▶ _Task to complete_: Look below for the line with "Mới gửi bán", then repeat it and all lines after it, exactly, minus any pictures.

======== Data segment ========

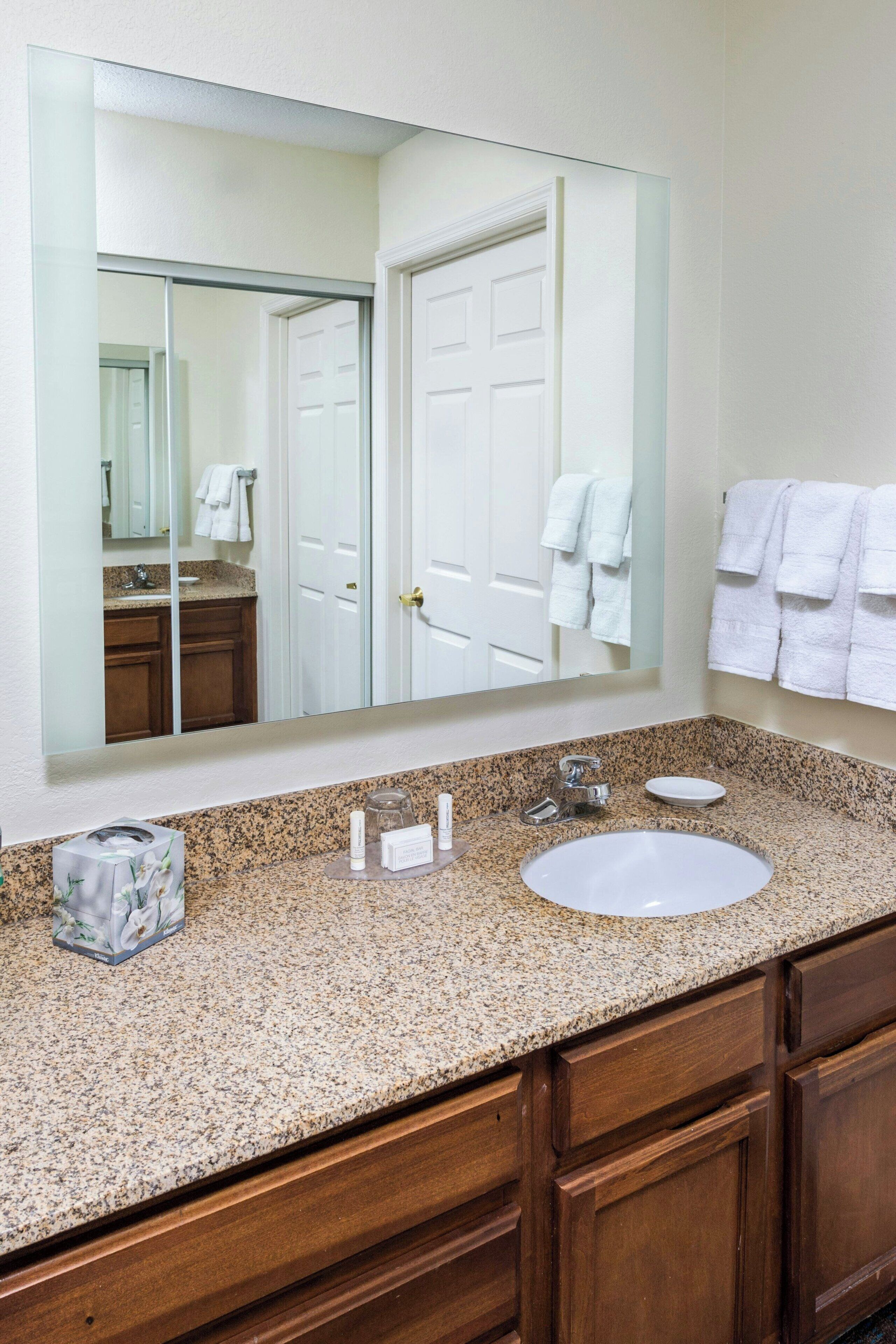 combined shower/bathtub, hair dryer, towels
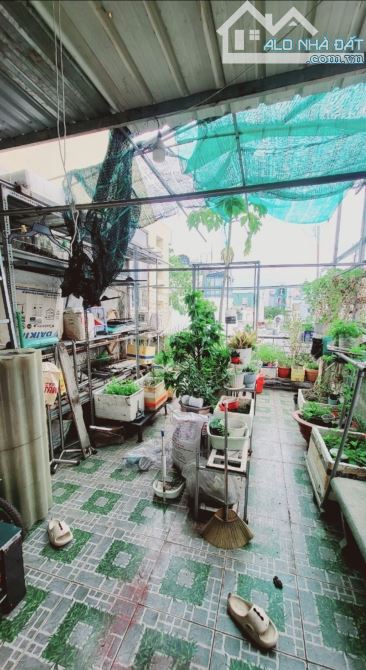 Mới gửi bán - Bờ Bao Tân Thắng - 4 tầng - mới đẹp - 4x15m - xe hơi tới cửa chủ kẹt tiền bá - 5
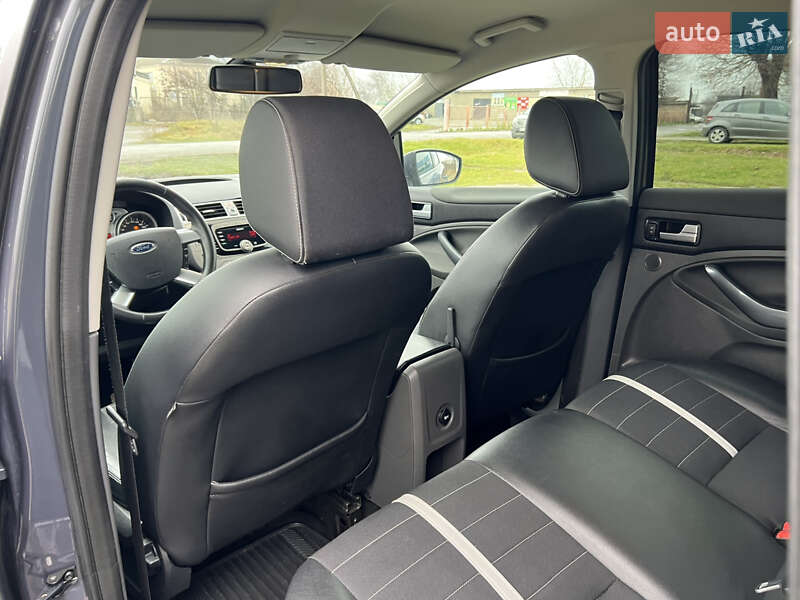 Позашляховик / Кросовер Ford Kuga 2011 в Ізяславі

========

▶ _Exercise output_:
 Mới gửi bán - Bờ Bao Tân Thắng - 4 tầng - mới đẹp - 4x15m - xe hơi tới cửa chủ kẹt tiền bá - 5
 Позашляховик / Кросовер Ford Kuga 2011 в Ізяславі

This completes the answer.